Foi em julho de 1862 o passeio a barco que o reverendo
Dodgson, identidade civil de Lewis Carroll, fez com duas garotas de quem era
amigo. Durante o passeio, contou a elas a primeira versão das aventuras de
“Alice no País das Maravilhas”. Esse livro e sua sequência “Alice Através do
Espelho” formam um díptico que não tinha muita semelhança com o que se
publicava em seu país naquele tempo. As disciplinas intelectuais e as fixações
pessoais de Carroll eram heterogêneas o bastante para garantir que nem todo mundo
iria entender tudo, mas todo mundo iria gostar demais de um aspecto do livro.
Carroll deve ter escrito suas obras pensando tanto nas
crianças ledoras e entusiasmadas quanto nos colegas lógicos e matemáticos, todo
o pessoal que gosta dessas disciplinas, principalmente a geometria e o estudo
do espaço e das dimensões. Quem gosta desse aspecto do “Alice” pode gostar da
FC de Rudy Rucker e das gravuras de M. C. Escher. Todos os que gostam de
labirintos tendo por base a geometria em sucessivos espaços dimensionais –
desde o ponto, a linha, o plano, a distorção temporal e da quinta dimensão em
diante.
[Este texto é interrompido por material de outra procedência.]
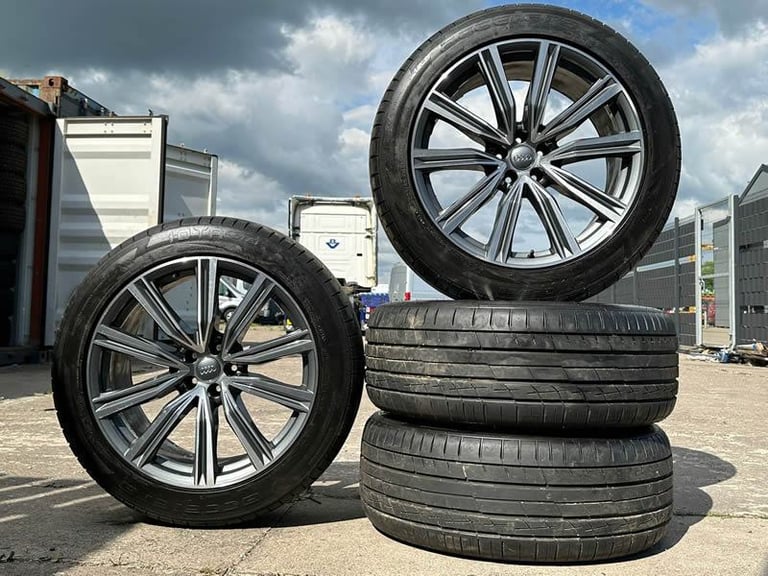 image for 21" Genuine AUDI Q8 SQ8 Alloy Wheels Tyres 4M8601025G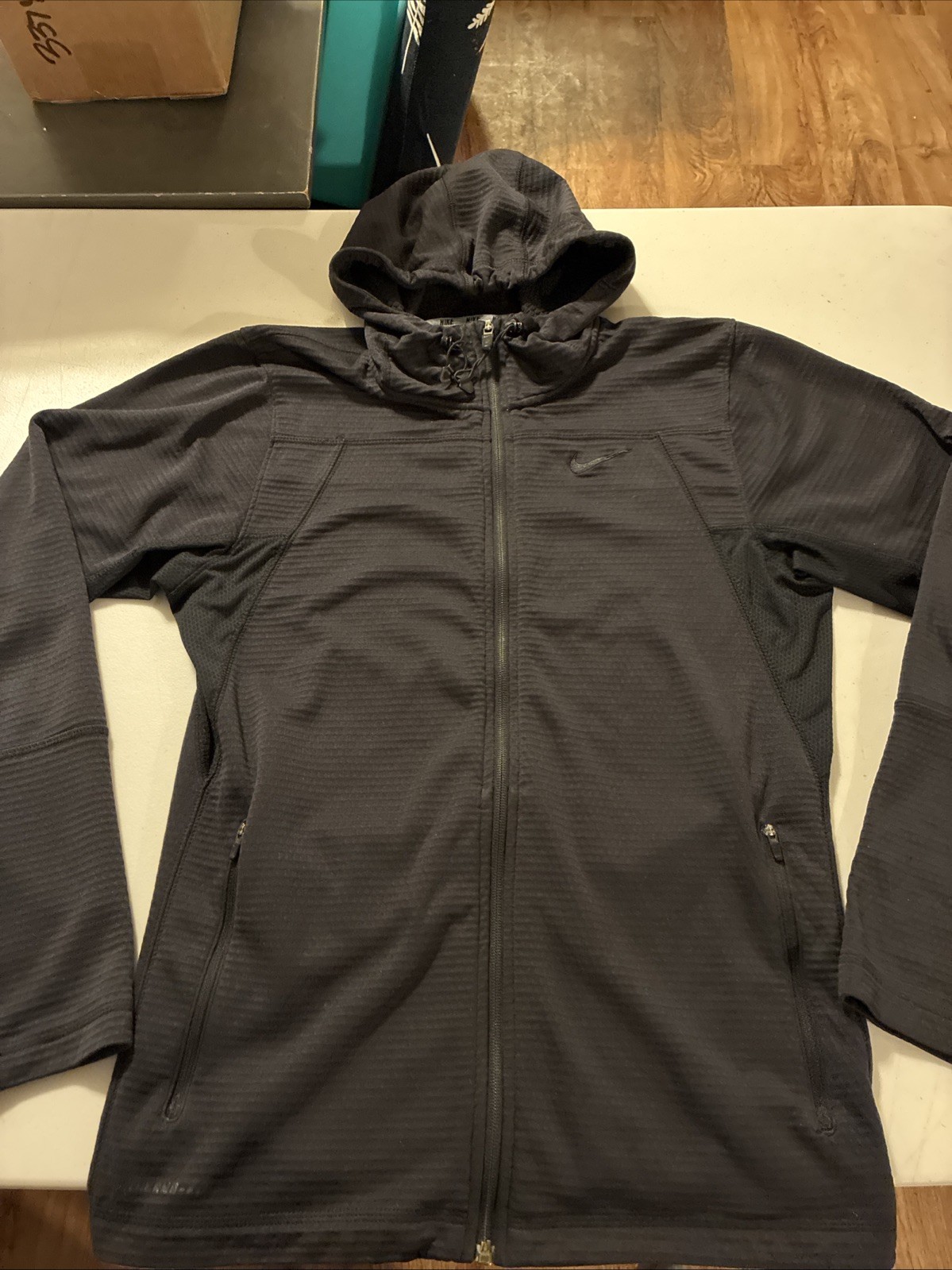 SACAI X NIKE Nike Therma Fit Giacca nera con cappuccio e zip intera donna TAGLIA SMALL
Sendo escritor de FC, “o seu é o limite”.
Ele misturava personagens e situações que não pareciam
pertencer ao mesmo universo: animais falantes, cartas de baralho, monstros
míticos, cavaleiro medieval, xadrez, realidade flexível... E algumas imagens
que mesmo talvez inspiradas em algo anterior passaram a ser indissoluvelmente
dele: o homem-ovo Humpty Dumpty sentado no muro (celebrado por John Lennon), os
dois gêmeos Tweedledum e Tweedledee (celebrados por Bob Dylan), o sorriso do
Gato de Cheshire (celebrado por Gal Costa). E talvez tenha ajudado Monteiro
Lobato a misturar Tom Mix com mitologia grega, o Gato Félix com o Saci.
Seu texto tem uma certa imprevisibilidade lógica, algo que
ele talvez tivesse em pessoa. Aquele indivíduo educado, contido, que gosta de
falar e daí a pouco está pensando em voz alta, fazendo raciocínios ou
suposições que deixam os interlocutores mais perdidos do que cego em tiroteio.
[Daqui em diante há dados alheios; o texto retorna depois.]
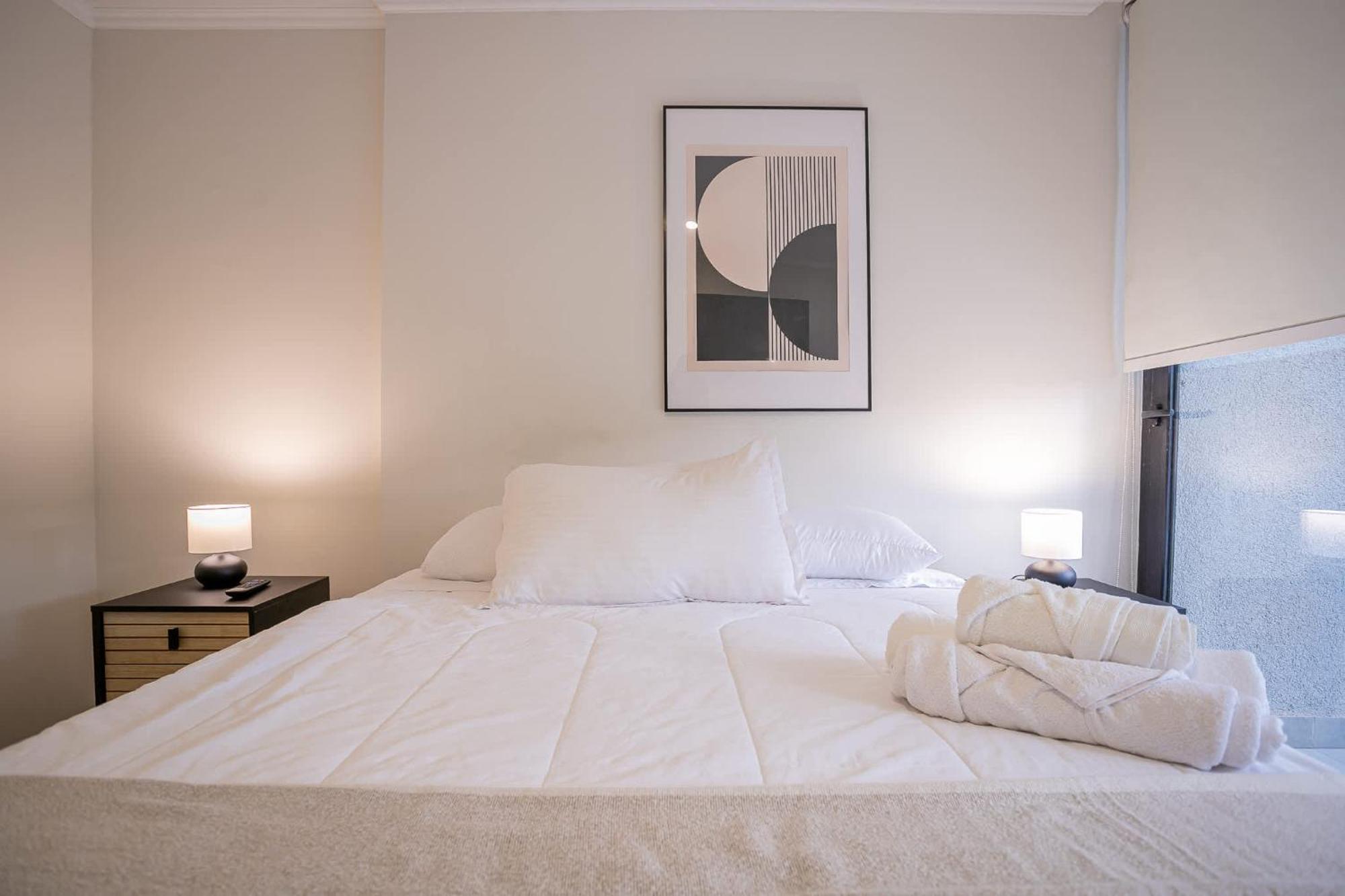 Downtown Great For Sharing Apartment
Uma espécie de professor amalucado, mas basicamente inofensivo e simpático. As
coisas que ele anotava em seus diários, “hoje inventei isso, hoje desenvolvi a
idéia tal”, são surpreendentes. Vivia num mundo mental só dele, era meio
esquisitão mas ao mesmo tempo todos o respeitavam.
Eu considero o lewis carroll como o maior escritor nonsense do mundo.